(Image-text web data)
□ □ □ □ □
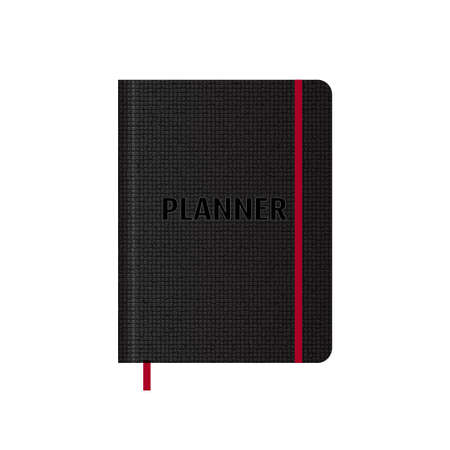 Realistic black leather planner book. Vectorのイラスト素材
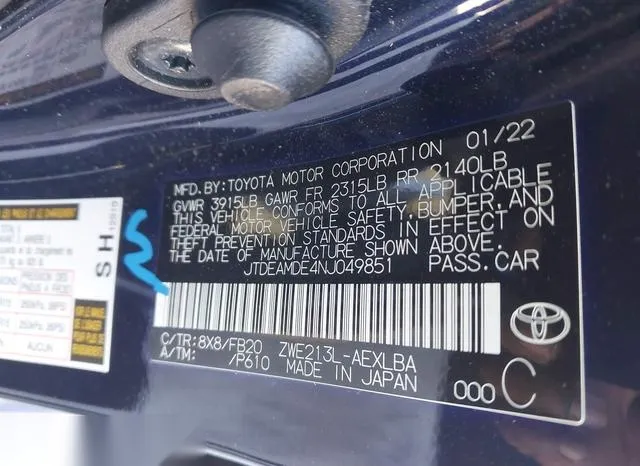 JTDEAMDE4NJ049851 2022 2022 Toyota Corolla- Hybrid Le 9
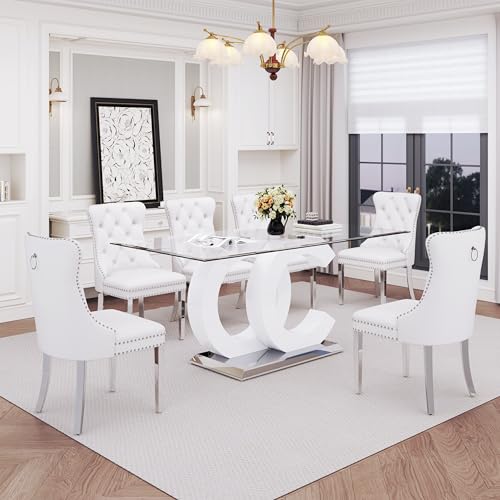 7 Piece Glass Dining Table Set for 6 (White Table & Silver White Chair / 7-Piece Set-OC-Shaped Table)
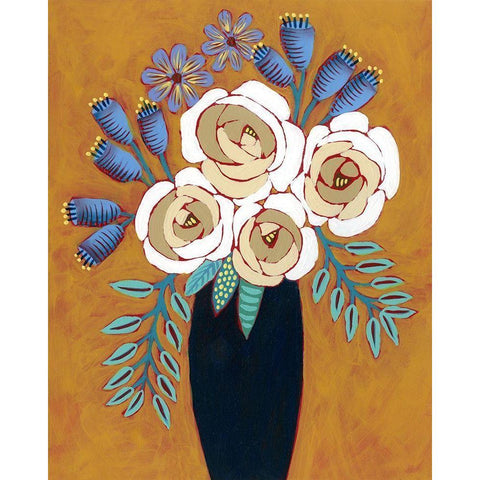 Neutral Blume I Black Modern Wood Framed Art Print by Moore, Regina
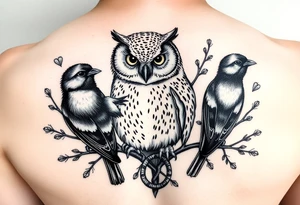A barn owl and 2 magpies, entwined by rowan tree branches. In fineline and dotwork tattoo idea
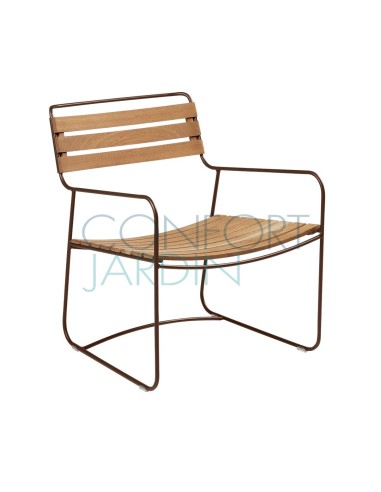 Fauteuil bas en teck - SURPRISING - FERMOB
□ □ □ □ □
Where the line containing "A barn owl and" appears above, start there and set down each line exactly through the last line of the data; leave out every picture.

A barn owl and 2 magpies, entwined by rowan tree branches. In fineline and dotwork tattoo idea
 Fauteuil bas en teck - SURPRISING - FERMOB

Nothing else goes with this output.